From Imperial China to 97 percent of American homes -
Published Wednesday, February 20, 2013 at 1:00 am / Updated at 5:18 pm
From Imperial China to 97 percent of American homes

Ketchup might be our favorite condiment. It’s in 97 percent of American homes, and it’s maybe the only sauce in your fridge that dates back to imperial China.

Here’s a look at ketchup from its early origins to its current spot on our burgers and fries:

The precursor to ketchup wasn’t made of tomatoes but fish. It was a fermented paste of fish entrails, soybeans and other meat products. The sauce was called “ge-thcup” or “koe-cheup” in a Chinese dialect. It was popular among traders and sailors. Eventually, British traders brought it back to England.

A book, “Compleat Housewife,” published in 1727, contained the first English reference to “katchop.” It was made with anchovies, shallots, vinegar, wine and spices. That recipe was reprinted through the 19th century.
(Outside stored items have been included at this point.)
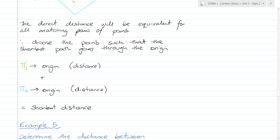Why do the planes need to be parallel? Because if they're not parallel, they'll eventually intersect, which means the shortest distance would be zero. So that's the situation: non-parallel planes will eventually intersect, making their minimum distance zero.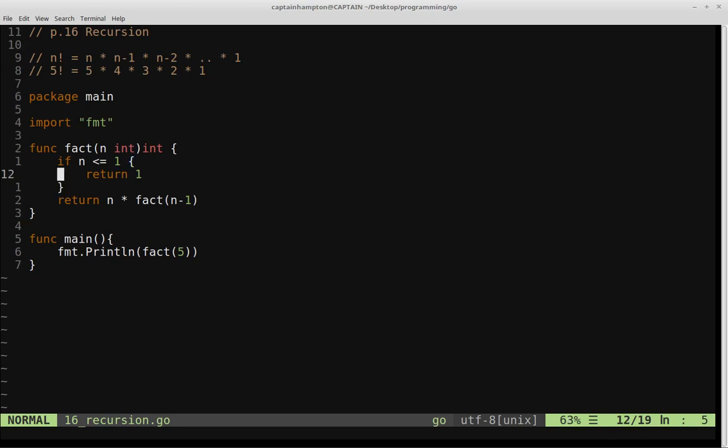That's it. We just wanted to see a quick example of how to implement a recursive function and to note that Go does support recursive functions. If you have any questions or comments, leave them in the comments section below.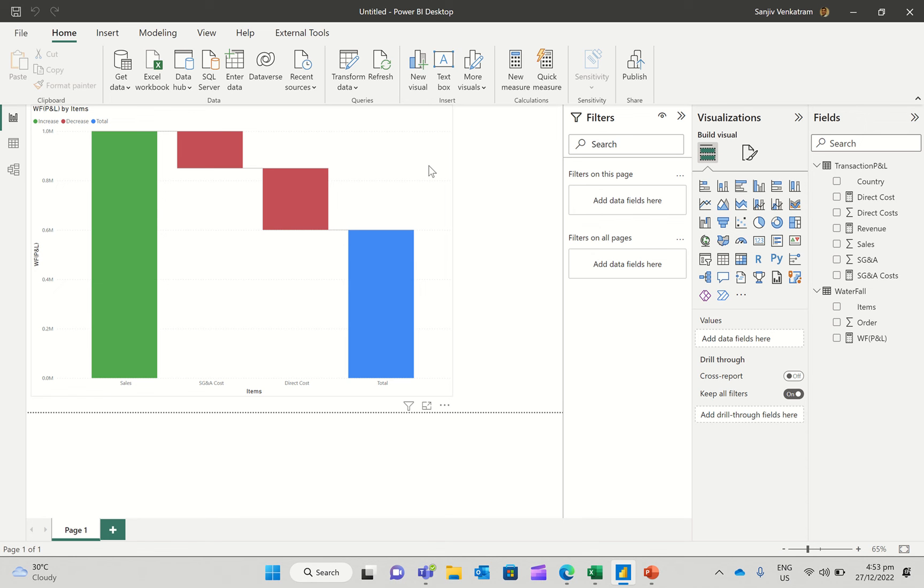Greetings everyone. Welcome to another edition of Use the Delight with Microsoft Technology. My name is Sanjeev Venkatram, and what we're going to do in this case is a modified version of a waterfall chart.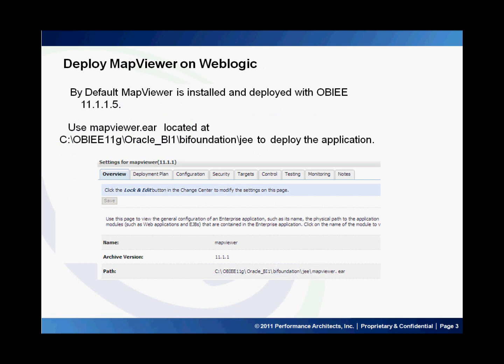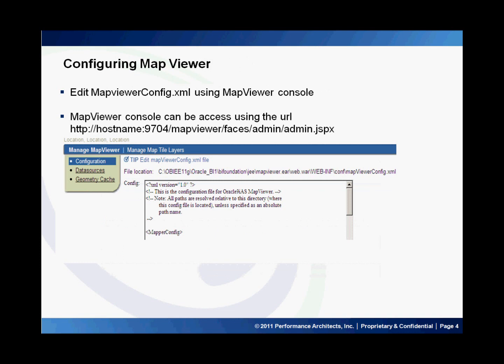In this slide, I'll show you how to deploy map viewer on WebLogic. By default, map viewer is deployed when you install OBI 11g. If not, you can deploy it on the BI server using the map viewer .ear file, which is located at BI_server/BI_foundation/JEE directory. To configure the map viewer, you need to provide the hostname where the map viewer is deployed and the data source information where the spatial data is located. You can do this by editing the mapviewer.xml file.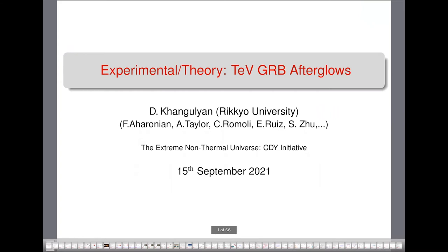Let me start by introducing today's speaker. Welcome to everyone joining today's CDY lecture. This is the second in the series of talks focusing on GRBs and GRB afterglows. The title of today's talk is Experimental Theory, TEV GRB Afterglows, and it will be given by Dmitri Kangulyan of Rikyo University.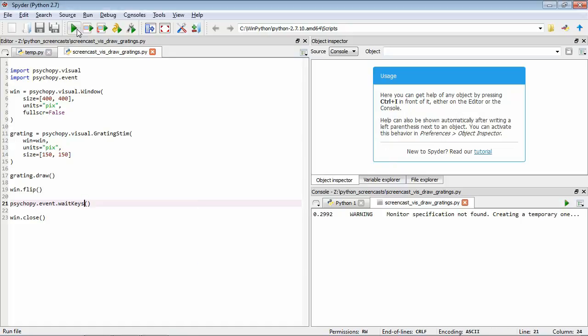The first parameter we're going to look at is called phase. This parameter controls the relative positioning of the light and dark regions of the grating. In PsychoPy this is specified as a value between zero and one. We're going to put together some code which is going to show four different gratings, each with a different phase value, just so we can see what effect this phase parameter has.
Ketchup — made from everything from mushrooms to peppers and grapes — was popular for its salty and vinegary taste. The salt and vinegar also meant it could sit on the shelf for a long time without going bad, which was important in a time without refrigerators.

Mushrooms were the main ingredient in most ketchups in the 18th and 19th centuries.

Tomato ketchup was made with red, green and yellow tomatoes and the resulting sauce looked brown, not bright red like it is now.

In 1876, Heinz Tomato Ketchup made its debut on store shelves. It was one of America’s first packaged foods and has since dominated the ketchup market.

After Heinz began producing ketchup and the store-bought kind became popular, recipes started to disappear from cookbooks.

In 1890, Heinz adopted its classic glass bottle, which you’ll still find in restaurants.

In 1968, Heinz started putting ketchup in individual packets.

In 1983, Heinz unveiled a plastic, squeezable bottle.

In 1990, ConAgra acquired Beatrice Co., which in turn owned Hunt-Wesson Inc., the producer of Hunt’s ketchup and other tomato products.

In 2000, Heinz brought out green and purple ketchups. Kids dug it; the rest of us didn’t.

In 2010, Hunt’s removed high-fructose corn syrup from its recipe.